近年、全国各地で栽培されなくなったソバの在来種を復活させる働きや在来種で町おこしを行う地域が増えています。
県全体で在来種を栽培している「在来種王国」の福井県としては各地でそういった取り組みがなされていることを非常に嬉しく思いますし、将来的に47都道府県の気候や土壌が育てた在来種のソバが味わえるようになるようになれば素晴らしい事だと期待が高まります。今回はそんな在来復活について感じていることを織り交ぜながら、在来種についてざっくりまとめてみました。
在来品種とは?
そもそも在来種というのは、動植物の品種のうち、その地方の風土や土壌に適し長年栽培または飼育されているものを指します。

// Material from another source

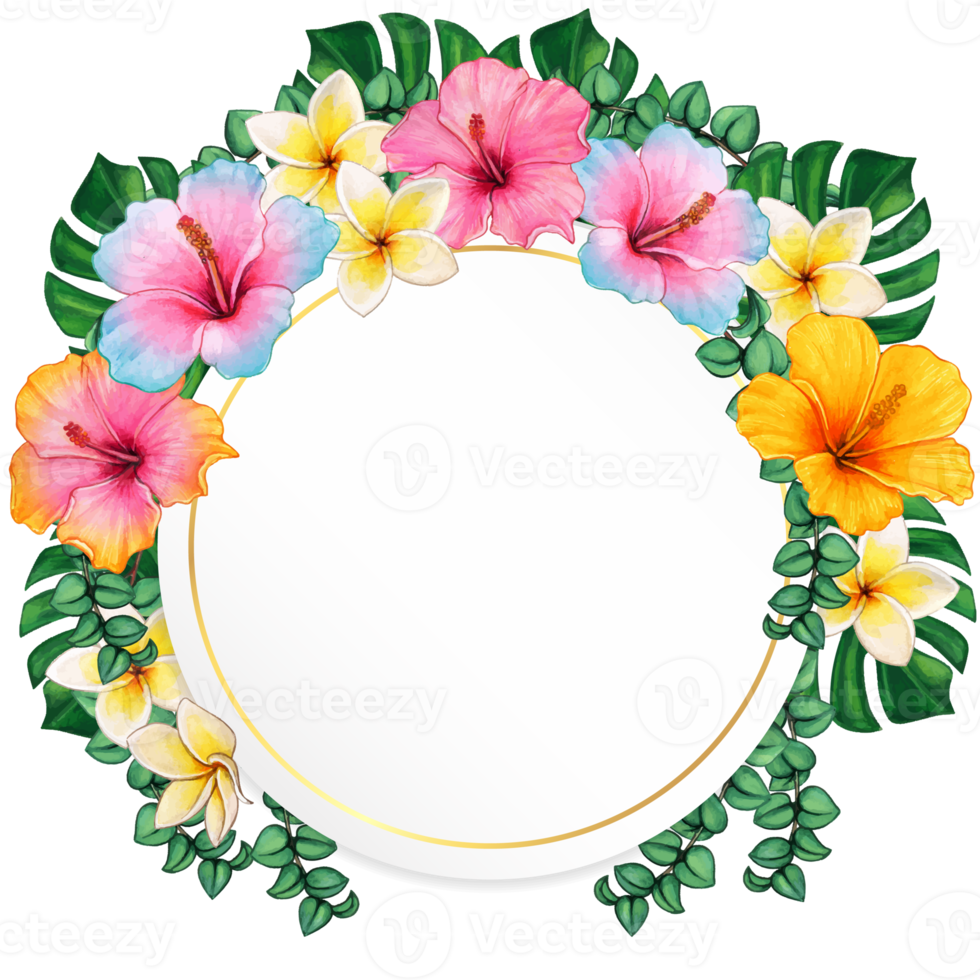 watercolor tropical summer frame png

福井県では昔から県全体で「福井在来種」のソバを栽培しております。北海道で主に栽培されている「キタワセ」、長野の「信濃一号」、山形の「でわかおり」などと言った名前や名称はなく、福井県内の気候風土が福井在来種を育てて、現在では「大野在来種」「丸岡在来種」「永平寺在来種」「今庄在来種」などの地名が入った在来になっています。
在来品種を栽培する難しさと在来種がこの先、生き残るためには?
在来種は小粒で濃厚な味わいと香りが特徴なのですが、非常に天候に左右されやすく害虫の被害にも遭いやすいという欠点があります。また、手塩にかけて育てても結実するかどうかは気温や虫の働きによるところが大きく、仮に結実しても収穫までの天候が悪いと実落ちしてしまうというギャンブルに近い運次第の作物なので、播種したら播種した分だけ収穫量が見込めるということはなく、豊作だったとしても他品種に比べて収量は大きくありません。品質も栽培中の天候によってムラが生じやすく畑の場所や環境によって異なります。

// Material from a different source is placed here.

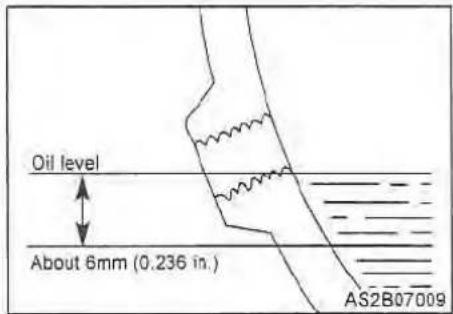 Oil level About 6mm (0.236 in.) AS2B07009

そして一番の難しいところは他品種と交配してしまうと在来は負けてしまうということです。
在来種と品種改良したソバでは改良したソバの方が当然、種として強いので、例えば虫が周回する範囲内に両者の圃場がある場合、両者が交配してしまい在来種は改良された強い品種に染まってしまう傾向にあります。虫の周回範囲は5㎞~10㎞以上とも言われているので、少なくとも在来種と他品種を同じ産地で栽培するなら最低でも10㎞以上は離す必要がありますし、できれば山を挟んで隔離状態で栽培しないと純粋な在来が育たないとも言えます。
ここに在来種を栽培し続けていく栽培面での難しさと収入面での問題があり、せっかく復活させた在来種でも交配によって数年後には元に戻ってしまう傾向にあるのです。とても残念なことです。在来種を栽培するには、在来の特徴をよく理解し手間暇惜しまず栽培に注力することはもちろん、結果として不作になろうともそれを覚悟の上で取り組める根気強さと情熱、覚悟、意識の高さが大切だと思います。
品種改良したソバの良さ
味や香りは在来種ほどではありませんが、天候に左右されない強い品種を作り上げることによってどこでも育てやすく品質もほど一定に仕上げることが出来ます。また実を肥大化させて歩留り(1粒から採れるそば粉の量)を良くしたり、または微量の薬を使用して害虫を駆除することによって収穫量を確保できています。そのおかげで今日の日本のそば店は不作の年であっても安定的なそば粉の供給を受けています。福井が在来種を作り続けていられるのは、福井が凶作の年でも北海道や信州・山形など有名な産地が需要と供給のバランスを支えているからだと思います。
在来そば復活の動き
在来種を復活させようとする動きの根底には、この地で昔から育てられてきたソバという「ストーリー」と気候・風土が育んだ在来種ならではの「美味しさ」を知ってもらいたい。全国に地場の食材をアピールしたいという想いがあると思います。地場の環境、気候が育てるソバの味わいは他のどこにもないオンリーワンのものです。
全国には知られざる在来種がたくさん存在します。ソバは基本的に淡白な穀物だけに他産地や他品種との差がつきにくい食品ですが、日本人がこよなく愛する嗜好性の強い食品でもあります。栽培の難しさや需要と供給のバランス、採算などの問題はあるものの、この時代だからこそ現代では姿を見せなくなった在来種を大切にしたい。いつか47都道府県すべてで在来品種の蕎麦が栽培されるようになり、各地でそれぞれの郷土そばが食べられるようになれば、日本のそば文化はもっと豊かになるでしょうし、全国の在来蕎麦を求めて蕎麦っ喰いたちが蕎麦行脚を行うことでしょう。
そんな時代がいつか来ることを夢見て・・。